Не думаю, чтобы кто-то был вправе судить его судом более строгим, чем судила она. Мы вообще часто склонны, хотя бы в мыслях, давать непререкаемую оценку поступкам людей — поступкам, за которые они отвечают только друг перед другом. Рискуя повториться, скажу еще раз: если никто никого не обманывает, не использует во зло доверие и неопытность, не раздает заведомо неисполнимых обещаний, то двое, свободно распоряжаясь собою, не посягают на общественную мораль. Это та сфера жизни, где человек может поступать по своему желанию, и конечно же он несет ответственность за свои поступки — по закону и совести. Ответственность эта в равной мере ложится на обоих, точно так же, как право судить или прощать принадлежит не нам с вами, а лишь тому, кого этот поступок прямо задел.
…Он послал телеграмму на работу: «По семейным обстоятельствам прошу дать дополнительный отпуск». И женился. Я думаю, это был не только голос сердца. Но и бегство от совести. Потребность скрыться от тех самых «проблем, проблем», которые возникли перед ним во всей своей реальности и неразрешимости.

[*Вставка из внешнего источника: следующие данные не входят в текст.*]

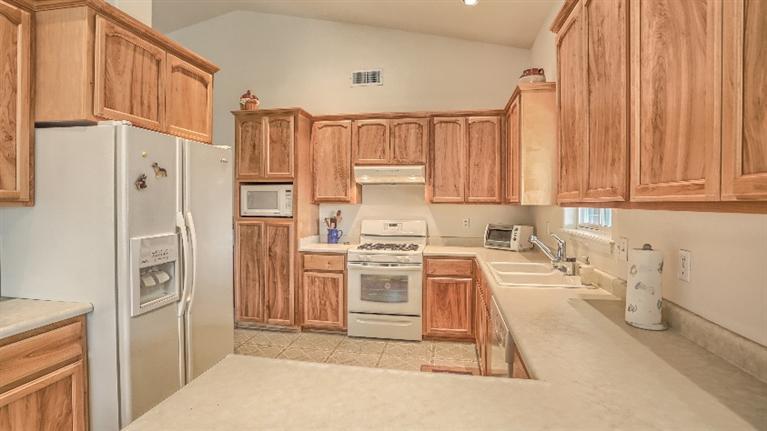 925 Ridgeview Drive Eagle Point, OR 97524 - Photo 16 of 35 Additional Photo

Впрочем, неразрешимы они были не в смысле формальном, но в том, как он сам их воспринимал. Формально он был свободен, и никто не мог ему помешать устроить жизнь по своей воле. И нравственно он был тоже свободен: он никому не сулил златые горы, не солгал, не унизил, не отрекся от отцовства, от помощи ребенку, от заботы о нем. И все же мысль о том, что «что-то не так», не давала покоя.
«Галя, милая, здравствуй! — писал он жене сразу же по возвращении во Владивосток. — Все эти десять дней как сказочный сон, от которого я не могу прийти в себя. Мне все кажется, что я ушел из дома на работу и вот-вот должен возвратиться. Остались одни воспоминания, которыми я живу. Прошло три дня, как мы расстались, а кажется, что прошла целая вечность. Как все было прекрасно! Я тебя люблю и не стесняюсь это говорить и писать… Не волнуйся, все образуется и станет на свои места… Целую много-много раз. Люблю, тоскую. Твой Виктор».